• **Required work**: Once the pictures are removed, restate the data below word for word.

BEGIN

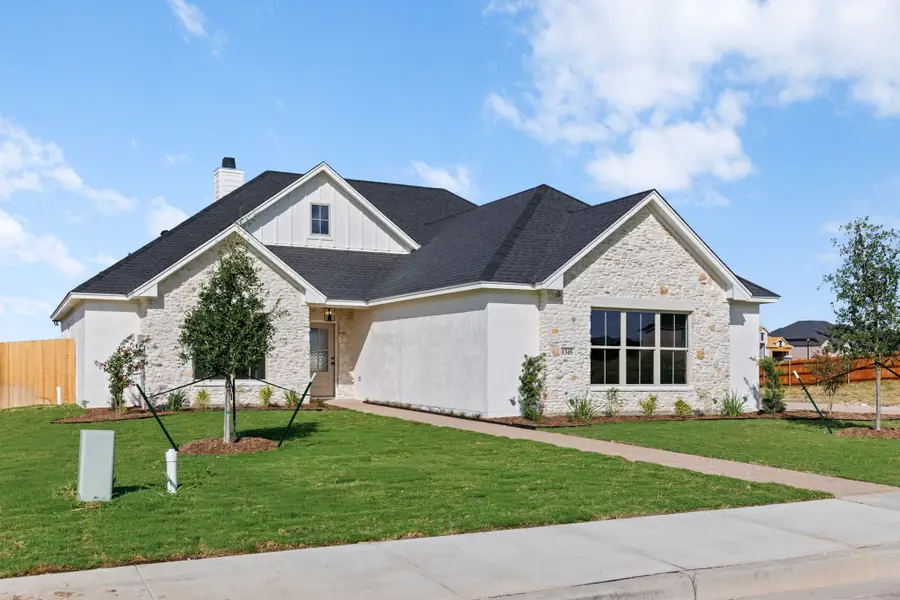 1345 Tahonta Drive, Hewitt, TX 76643 - #2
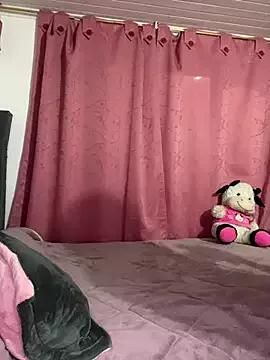 CristalGmez on StripChat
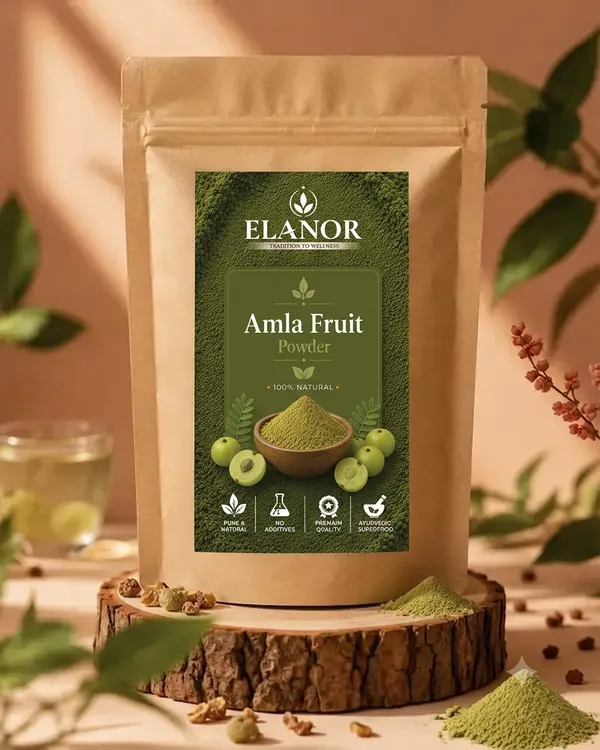 Elanor_Amla_Fruit_Powder
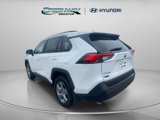 Used 2024 Toyota RAV4 XLE w/ Convenience Package image 5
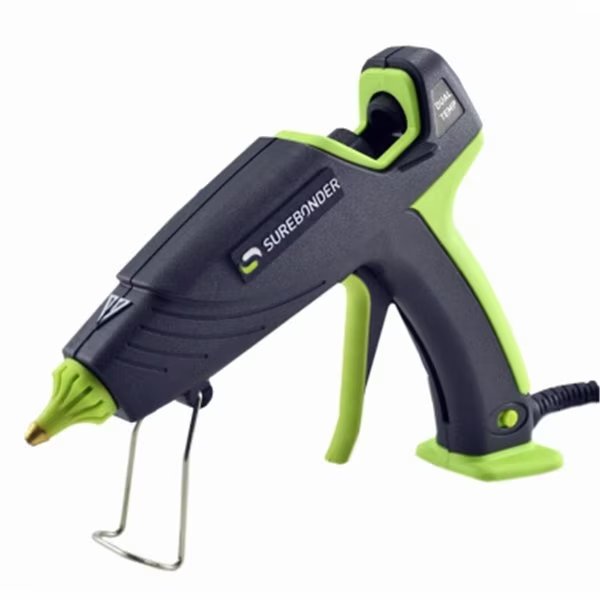 60 watt Dual Temp Glue Gun, Fpc, Mfr#: FP569245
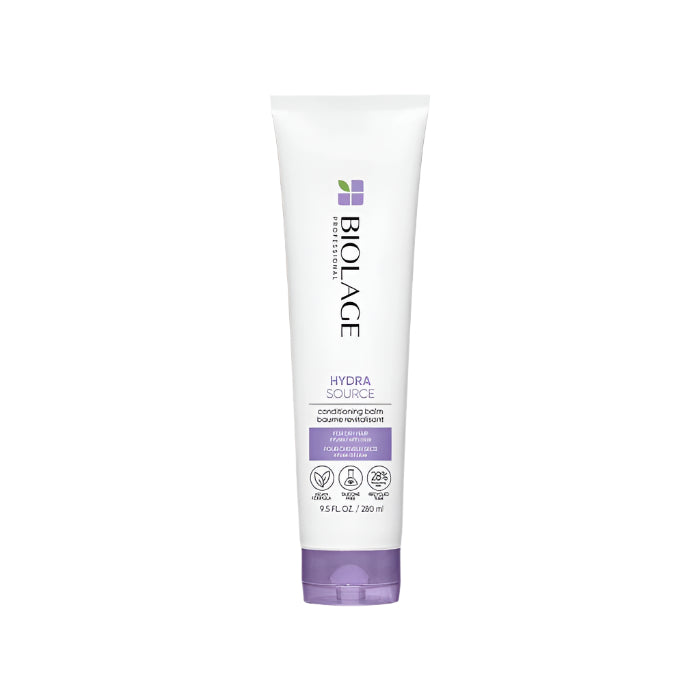 Hydrasource Revitalizing Balm For Dry Hair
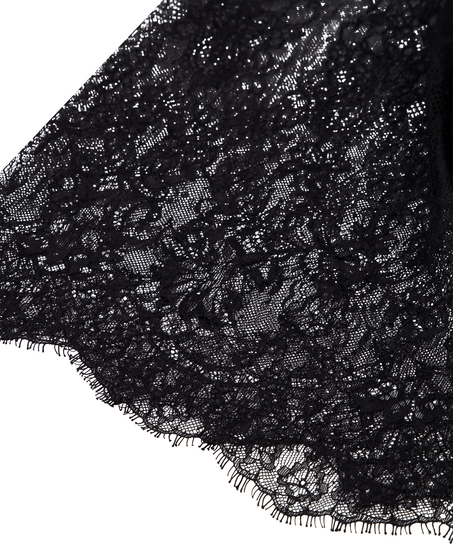 Kimono Camille, Svart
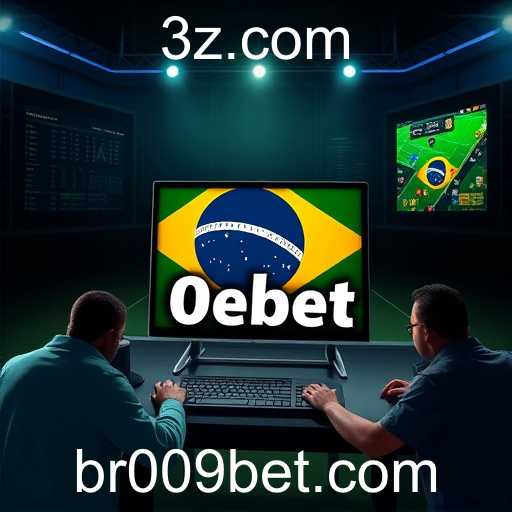 Expansão do Mercado de Apostas Online no Brasil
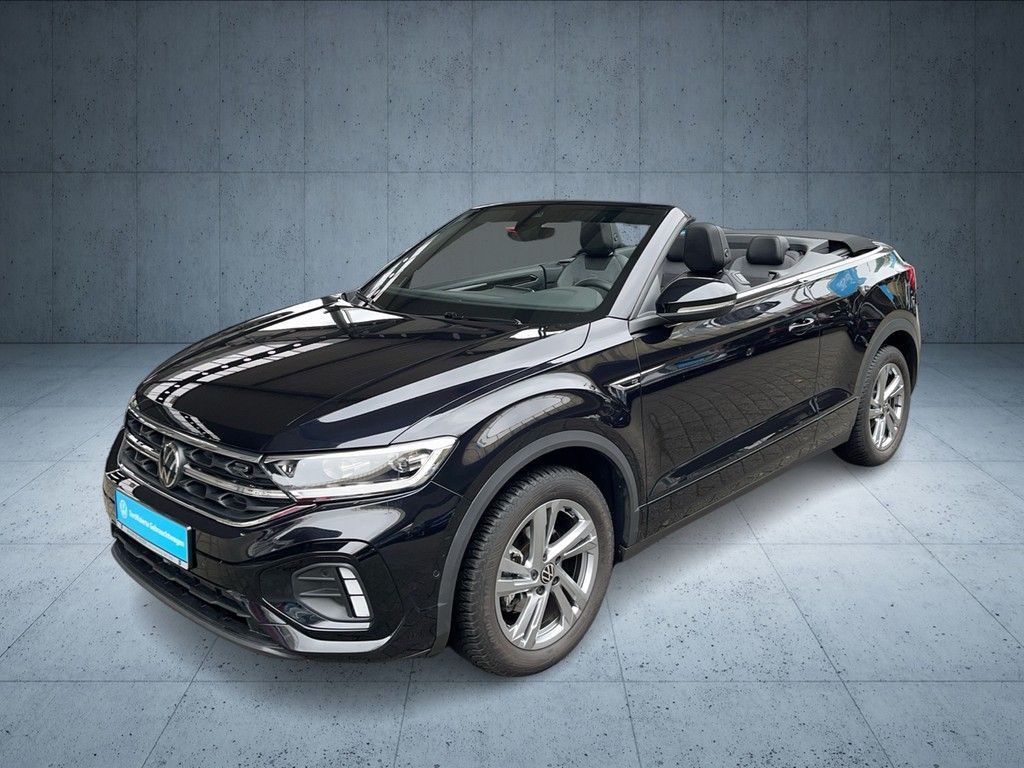 Volkswagen T-Roc - Bild 2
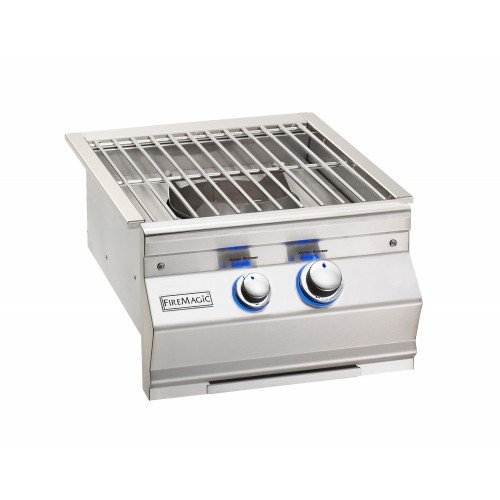 FM_19-7B1N-0_Aurora Power Burner Stainless Steel Grid-500x500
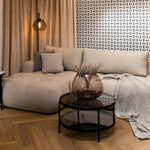 Kampinė sofa-lova Ombo Maxi, kairinė 7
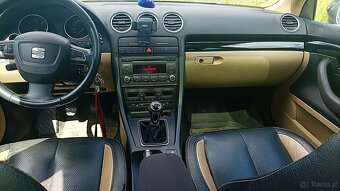 Sprzedam Seata Exeo - 2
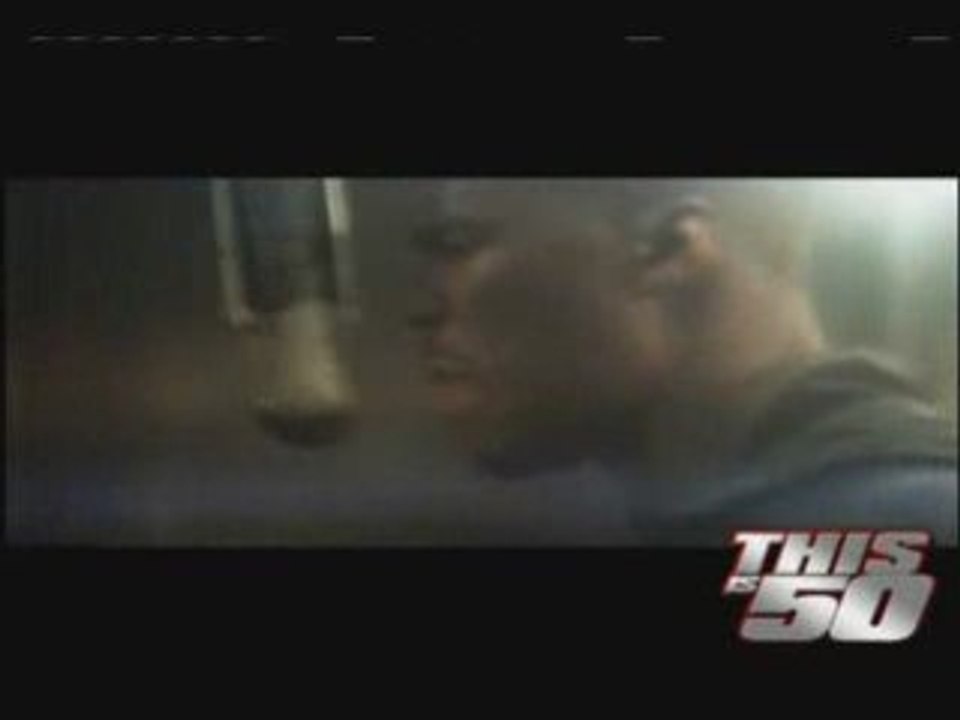 50 Cent: Get Up [MUSIC VIDEO]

END

• **Response for this exercise**:
 1345 Tahonta Drive, Hewitt, TX 76643 - #2
 CristalGmez on StripChat
 Elanor_Amla_Fruit_Powder
 Used 2024 Toyota RAV4 XLE w/ Convenience Package image 5
 60 watt Dual Temp Glue Gun, Fpc, Mfr#: FP569245
 Hydrasource Revitalizing Balm For Dry Hair
 Kimono Camille, Svart
 Expansão do Mercado de Apostas Online no Brasil
 Volkswagen T-Roc - Bild 2
 FM_19-7B1N-0_Aurora Power Burner Stainless Steel Grid-500x500
 Kampinė sofa-lova Ombo Maxi, kairinė 7
 Sprzedam Seata Exeo - 2
 50 Cent: Get Up [MUSIC VIDEO]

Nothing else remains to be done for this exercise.